Striking_Yoghurt_690
"One more neuron and he'd have a synapse."
Bad Wheel
"The wheel is spinning but the hamster's dead."
ofsquire
"My old english teacher used to say 'I can smell the hamster burning.'"
cardew-vascular
"Bruh how u gonna do hamsters like that. Im dead 🤣🤣🤣🤣🤣"
Mulberry0
YOU
"You're the reason we have warning labels."
ofsquire
"My bosses comment about my non-too bright coworker 'you can’t get mad at her- she’s the reason shampoo has directions and she probably still f**ked it up…'”
Smoopiebear
"You see? Because of me, they have a warning label."
WantToBeBetterAtSex
Ok... some of this is some good comedy.
Or Puppet...
"I'm an American, but I love when British folks call people Muppets. For a long time Europe has led the way in insult innovation, and I think it's time we caught up."
JonSnow31391
Vanilla?
"Less useful than a chocolate teapot."
Pokeybumfun
"My Physics teacher used to say 'more pointless than a chocolate fireguard' whenever we had pencils that were too blunt for graph drawing hahaha."
ElegantEagle13
"German version of that is 'dumber than a piece of bread.'"
00192737292
I Like Turkey
"Shouldn't be left in charge of a ham sandwich."
accomplished_loaf
"I had a college professor who had met Gaddafi (God have mercy on him), the late dictator of Libya, and his impression was 'it would've been a shame to put that lunatic in charge of 10 chickens.'"
thefuzzybunny1
"Lol... for some reason this reminds me of Gordon Ramsay saying on Kitchen Nightmares that he wouldn’t trust a guy to run his bath, let alone his restaurant 😅."
thxitsthedepression
No Top Floor
"Your elevator doesn't go to the top floor. You're as sharp as a marble. You'd be stuck for an answer at hello (that's from Classy Freddie Blassie you pencil necked geeks)."
ferox965
"People tell me my elevator doesn't go the whole way to the top floor but I don't even HAVE an elevator."

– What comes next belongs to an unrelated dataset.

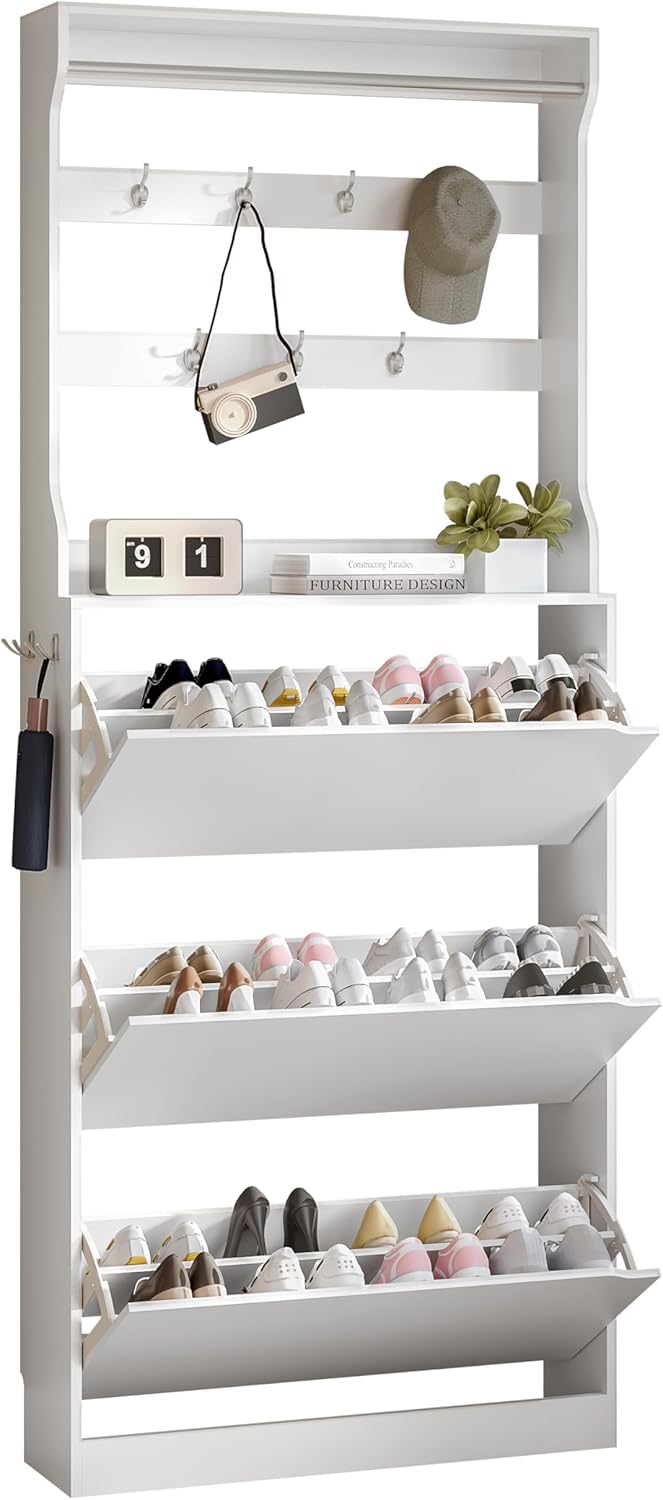 Wodeer Tall Shoe Cabinet with Coat Rack, Hidden Shoe Storage Cabinet with Doors & Drawer, Hanging Bar & Hooks, Slim Narrow Freestanding Shoe Rack Organizer for Entryway, Hallway & Living Room, White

"People tell me that too! We should go buy one~"
one_angry_custodian
Space
"My grandpa says: 'A lot of space between them ears.' Which is my absolute favorite, because a lot of people don't get it at first and just enforces the meaning."
Blobfish_Blues
Not all of us are going to break IQ records. That's ok. But these descriptions are funny.